Kehadiran Syeikh Al-Azhar di KTT Cendekiawan Muslim di Bogor Bermakna Penting

Rizky Dewantara    •    Senin, 30 Apr 2018 11:49 WIB
konferensi ulama
Kehadiran Syeikh Al-Azhar di KTT Cendekiawan Muslim di Bogor Bermakna Penting
Grand Sheikh Al Azhar, Mesir, Ahmed Muhammed Ahmed Eltayyeb, Ant

Bogor: Kehadiran Grand Syeikh Al-Azhar Ahmed Mohamed Ahmed Altayeb bermakna penting dalam acara Forum Konsultasi Tingkat Tinggi Cendekiawan Muslim se-Dunia atau High Level Consultation of World Muslim Scholars On Wasatiyyat Islam (HLC-WMS). Acara tersebut berlangsung di Istana Bogor, Jawa Barat, mulai 1 hingga 3 Mei 2018.

Tokoh Muslim Indonesia Din Syamsuddin mengatakan Syeikh Al-Azhar akan menjadi pembicara kunci dalam kegiatan tersebut.

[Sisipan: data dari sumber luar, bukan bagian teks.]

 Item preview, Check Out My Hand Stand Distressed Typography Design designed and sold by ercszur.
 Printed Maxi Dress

Din merupakan utusan khusus Presiden RI Joko Widodo yang menyerahkan langsung undangan kepada Syeikh Al-Azhar untuk menghadiri kegiatan itu.

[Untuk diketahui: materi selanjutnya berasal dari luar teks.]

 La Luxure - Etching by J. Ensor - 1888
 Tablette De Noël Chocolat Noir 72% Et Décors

“Imam Besar Syaikh Thoyyib diundang untuk menghadiri acara HLC tersebut, karena tema besarnya sesuai dengan nilai-nilai penting dalam manhaj Al-Azhar, Wasatiyat Islam,” ujar Din Syamsuddin dalam keterangan tertulis yang diterima Medcom.id, Senin, 30 April 2018.

Bagi Indonesia, kata Din, kehadiran Syeikh Al-Azhar bermakna penting. Perhatian Syeikh Al-Azhar cukup besar pada Indonesia.

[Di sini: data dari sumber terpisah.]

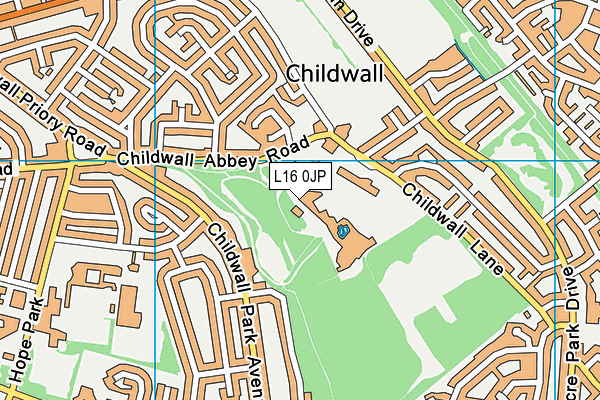 L16 0JP map - OS VectorMap District (Ordnance Survey) L16 0JP map - OS VectorMap District (Ordnance Survey)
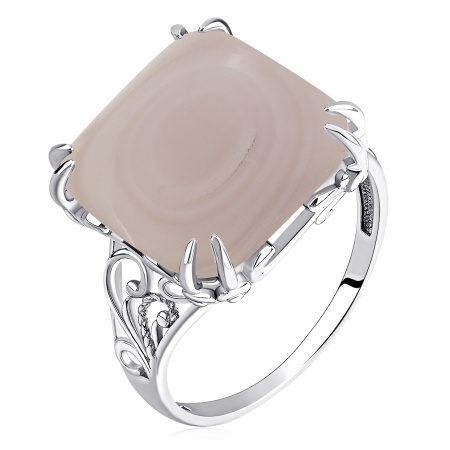 Купить оптом кольцо из серебра с перламутром 1340491861-30 от Krasnoe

Masih kata dia, HLC-WMS akan membahas mengenai Wasatiyyat Islam, mulai dari tataran konsepsi, implementasinya dari masa ke masa sejak zaman Nabi Muhammad, pengalaman Indonesia mengimplementasikan Wasatiyyat Islam, serta tantangan dan peluang Wastiyyat Islam dalam peradaban global.
 
Din Syamsuddin menambahkan, sebelum pelaksanaan HLC-WMS, diadakan empat kali halaqah mengenai Islam Wasatiyah dengan mengundang para pakar. Kemudian, dilanjutkan dengan dua kali symposium di Surakarta dan Jakarta untuk mempersiapkan buku mengenai Islam Wasatiyah yang akan dibahas dalam HLC-WMS.

Menurut dia, buku tersebut disusun oleh steering Committee yang diketuai oleh Azyumardi Azra dibantu oleh Sekjen PBNU Helmy Faishal Zaini dan Sekretaris Umum PP Muhammadiyah Abdul Mu’ti. Di dalam buku dibahas mengenai konsepsi Islam wastiyah, implementasinya dari masa ke masa sejak zaman Nabi Muhammad, pengalaman Indonesia mengimplementasikan Islam Wasatiyah, serta tantangan dan peluang Islam Wastiyah dalam peradaban global.
 
“HLC-WMS akan melahirkan Bogor Message, dokumen penting yang bisa menjadi acuan umat manusia dalam mengembangkan peradaban melalui prinsip jalan tengah,” jelas Din Syamsuddin.

Meski demikian, sambung dia, kehadiran para ulama dan tokoh cendikiawan dunia dalam forum HLC-WMS juga dapat menjadi peluang mempromosikan konsep Wastiyyat Islam yang berkembang di Indonesia. Dirinya optimis konsep Islam Wasatiyah ala Indonesia dapat menjadi model di dunia untuk menyelesaikan permasalahan global.

Baca: Ulama Dunia akan Berkumpul dalam KTT di Bogor

Lanjut Din, dalam buku yang akan dibedah dalam HLC-WMSada beberapa tawaran yang disodorkan oleh Indonesia. Pertama, mengenai konsepsi Islam Wasatiyah. Selama ini, beberapa negara lain seperti Mesir, Arab Saudi, Uni Emirat Arab, Qatar, dan Malaysia juga memiliki gerakan Islam Wasatiyah. Tetapi, ada perspektif lain yang ditawarkan oleh Indonesia.

"Kedua, pengalaman Indonesia menerapkan Islam Wasatiyah memberikan tawaran mengenai fungsi agama. “Di Indonesia, peran organisasi masyarakat sipil kalangan Islam menempatkan agama berfungsi sebagai sarana teologi pembebasan dari kelaparan dan ketakutan," pungkasnya.